Cualquier hombre sincero que desee averiguar el asunto, llegará al convencimiento de que la resurrección de Cristo es un hecho histórico innegable, y la realidad de un portento de esa naturaleza le llevará a acatar a Cristo, reconociéndole como divino.

Una prueba de que no hablaba como mero hombre la tenemos en el lenguaje de su profecía sobre la destrucción y dispersión de los judíos.
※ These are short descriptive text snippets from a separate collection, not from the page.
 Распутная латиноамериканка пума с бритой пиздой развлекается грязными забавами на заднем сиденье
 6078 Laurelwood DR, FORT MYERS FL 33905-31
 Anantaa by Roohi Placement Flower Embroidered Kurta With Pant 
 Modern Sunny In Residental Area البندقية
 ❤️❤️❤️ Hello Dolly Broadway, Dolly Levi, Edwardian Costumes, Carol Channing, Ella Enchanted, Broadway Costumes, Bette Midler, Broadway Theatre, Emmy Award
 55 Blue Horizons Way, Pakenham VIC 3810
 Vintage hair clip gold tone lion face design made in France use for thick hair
Se cumplieron tan literalmente las cosas que anunció, que se precisa estar ofuscado por la incredulidad para no ver esa profecía algo que no es explicable.

Citemos ahora el testimonio de algunos hombres célebres, y esto para demostrar que no son sólo los simples los que creen en Cristo.
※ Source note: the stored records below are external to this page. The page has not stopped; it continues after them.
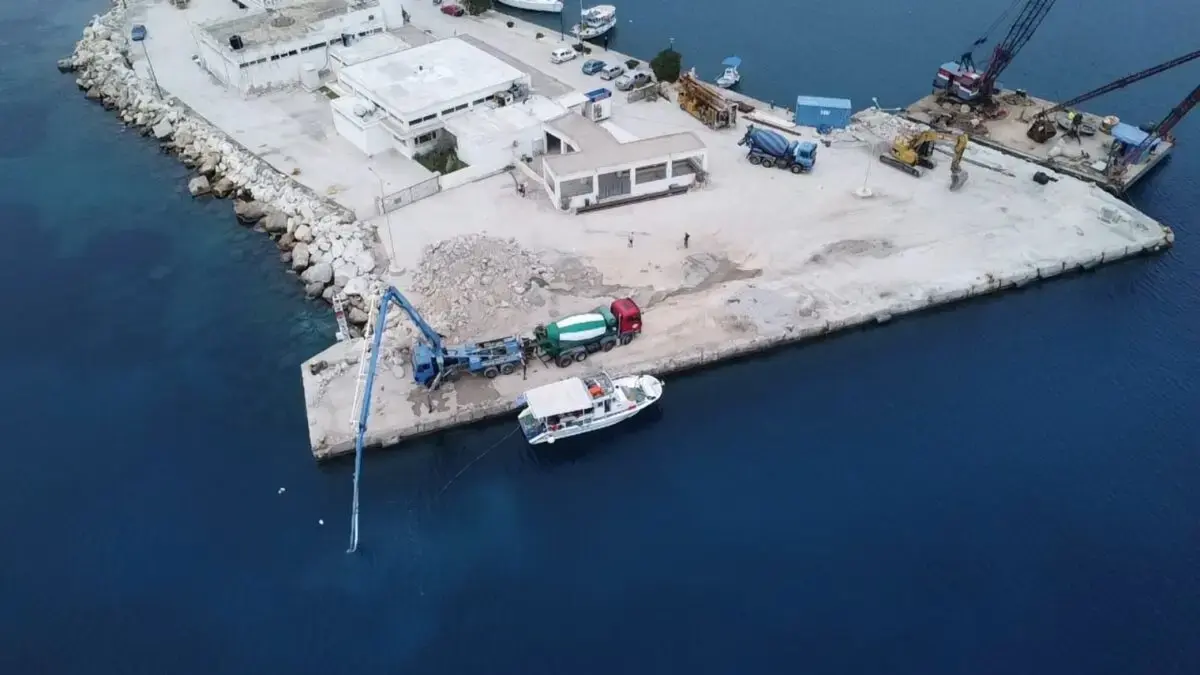 Δήμαρχος Λέρου: “Οδεύει προς ολοκλήρωση το έργο αποκατάστασης στο λιμάνι του Λακκιού”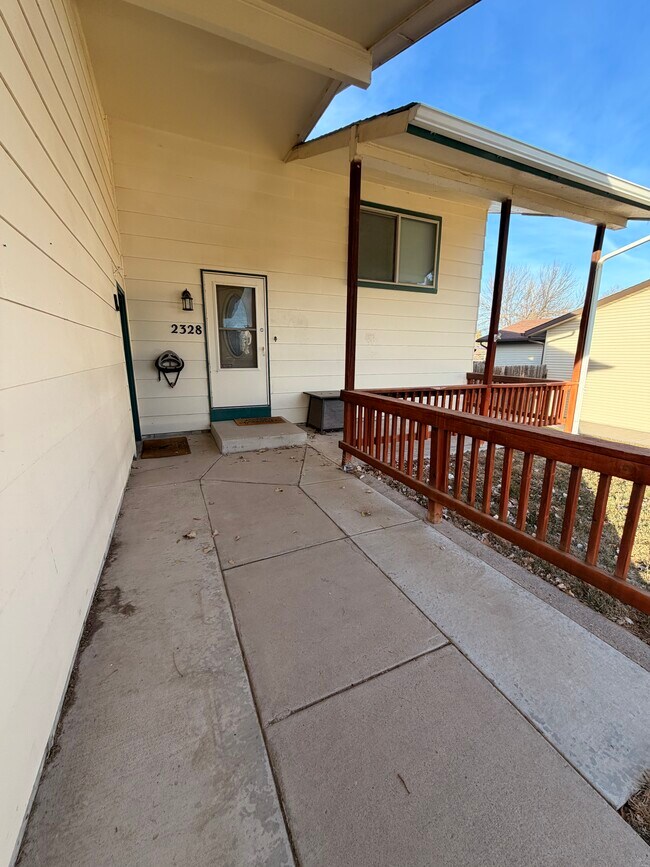 Foto del edificio - 2328 Apache St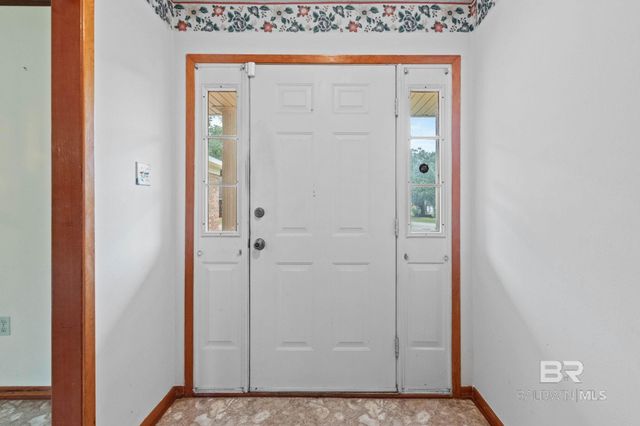 111 Fernwood Circle, Daphne, AL 36526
En los días cuando Glastone llenaba el mundo con la gloria de su palabra; cuando en todos los pueblos de la tierra era aclamado como el más fuerte de los tribunales; cuando se debatían en la Cámara de los Comunes sus proyectos destinados a cambiar la faz del Imperio Británico, el doctor B. Tupper deseoso de conocer lo que pensaría sobre la divinidad de Cristo, le escribió consultándole, y la respuesta que obtuvo, hoy grabada al pie de su monumento en la Abadía de Westminster, fue ésta:

“Todo lo que pienso, todo lo que escribo, todo lo que soy, descansa sobre la fe en la divinidad de Jesucristo, única esperanza para nuestra raza caída”.

A nadie debe sorprender el testimonio harto elocuente de Glastone, pues es notorio que el gran orador militaba en las filas del cristianismo. Citaré el testimonio de uno que militó en el campo opuesto. Me refiero a J.J. Rousseau. Este ilustre genio tuvo la mala ocurrencia de emplear su talento en escribir muchas cosas contra el cristianismo, pero en una hora serena de su vida su pluma se movió para deshacer en un solo día lo que había dicho durante largos años. Empezó a trazar un paralelismo entre Sócrates y Jesucristo, pero a medida que avanza, su pluma nos traza no un paralelismo sino un contraste y llega a decir.

“Si la vida y muerte de Sócrates han sido las de un sabio, la vida y muerte de Jesucristo han sido las de un Dios”.